Por su parte, el Municipio afirma que su Unidad de Niñez trabaja en este asunto desde el año 2010, “acompañando a las familias, niños, niñas y adolescentes que allí residen, desde una apuesta psicosocial y pedagógica”.
Actualmente la Administración Municipal realiza intervención psicosocial en 78 inquilinatos del Centro, unas 1.226 habitaciones en las que revelan hallazgos como que en esos espacios se cocina, juega, come, duerme y hay intimidad de pareja sin privacidad y muchas veces en presencia de menores.
Mano dura
Luis Bernardo Vélez, secretario de Inclusión Social de Medellín, asegura que quienes más sufren los atropellos en los inquilinatos son las familias indígenas que llegan a la ciudad traídas por redes de explotación.
“Nunca he visto unas condiciones más indignas para los seres humanos que las que tienen los inquilinatos de este sector de Niquitao y otros en la ciudad en los que viven en una pieza pequeña 10 y hasta 15 personas en condiciones tristes. Muchos de ellos los tenemos en centros de salud de la ciudad, que llegan con tuberculosis y desnutrición. Hemos hecho un trabajo con Seguridad, Policía Fiscalía y Salud para que estos lugares sean cerrados en pocas horas”, asevera Vélez.
María Victoria Osorio administra uno de los inquilinatos que alberga indígenas, que está en proceso de revisión y contempla un eventual cierre por las condiciones deplorables en las que se vive allí.
Asegura que los embera incumplen normas de aseo y se han convertido en un problema para los propietarios de la residencia y otros huéspedes.
“Son desaseados, dañan las cosas y no les gusta dormir en camas. Por eso devuelven las camas y prefieren tirar cobijas en el piso”, apunta. Añade que los indígenas se hacinan por voluntad propia, para no dividir su núcleo familiar.

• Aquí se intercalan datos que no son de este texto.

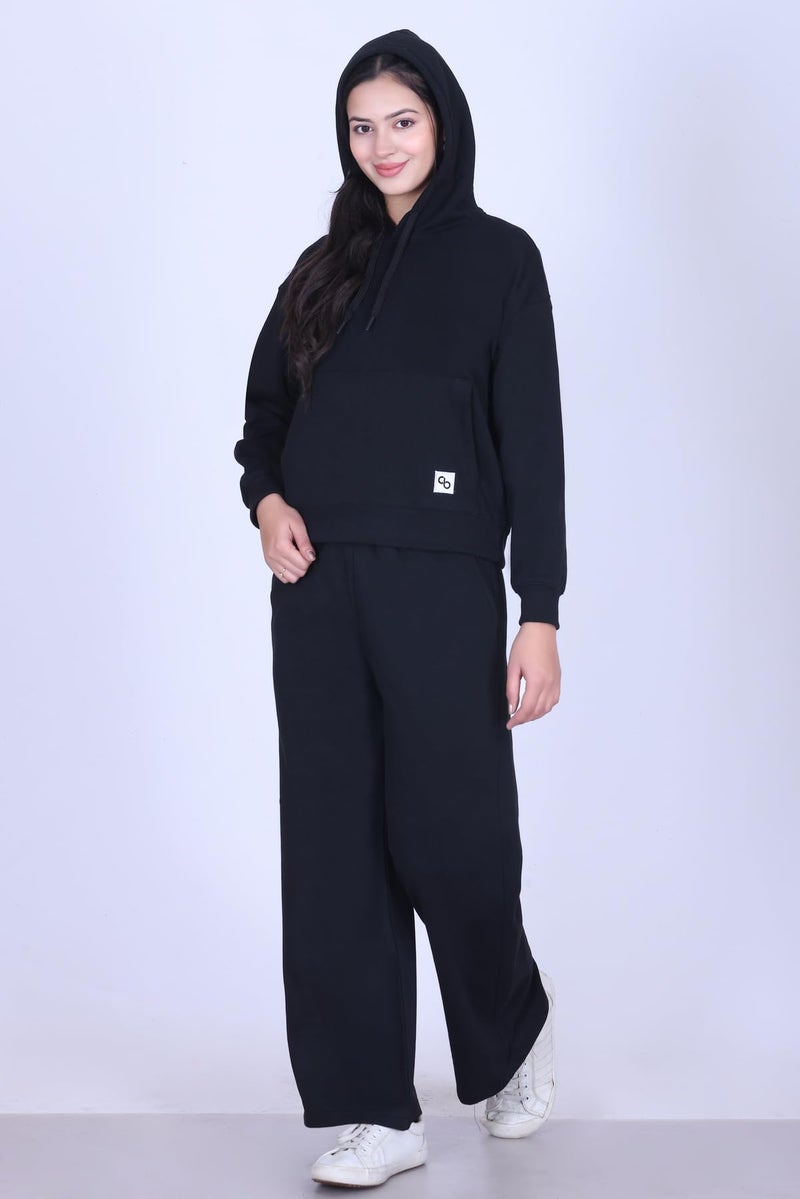 Colors & Blends - Warm Hoodie & Wide Leg Pant Set | Winter Wear Women's Track Suit set | Casual Travel & Loungewear Co-ord set Outfit | Oversized Loose Fit Winter Hoodie set (Black - S size) - Image 5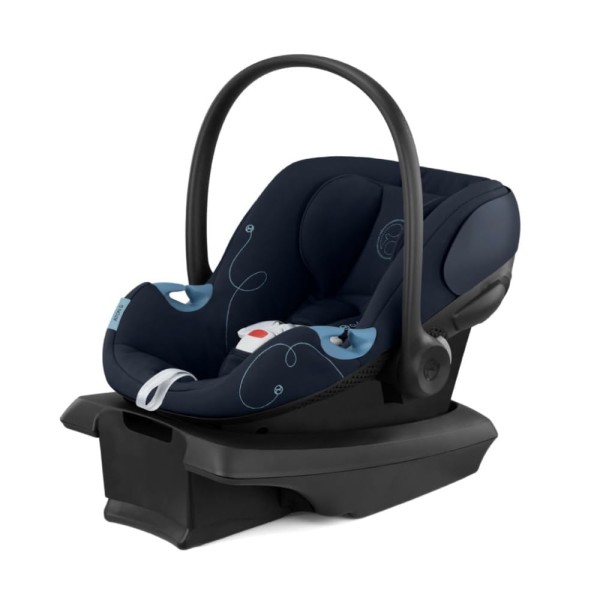 Encontraproduto.com.br - Cadeira de Bebe para Carro com Proteção Linear Contra Impactos Laterais, Apoio de Cabeça Ajustável em 11 Posições e Base Safelock, Cybex Aton G, Azul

Las dos pequeñas embera, que desconocen las tierras de donde llegaron sus padres, porque nacieron en Medellín, no se amedrentan con la presencia de policías, personal oficial de salud, sicólogos y abogados en la residencia que habitan. Juegan. Mientras tanto, a su lado, los quejidos de una anciana indígena moribunda no cesan. La atienden los paramédicos por una enfermedad respiratoria ante la mirada desprevenida de las niñas.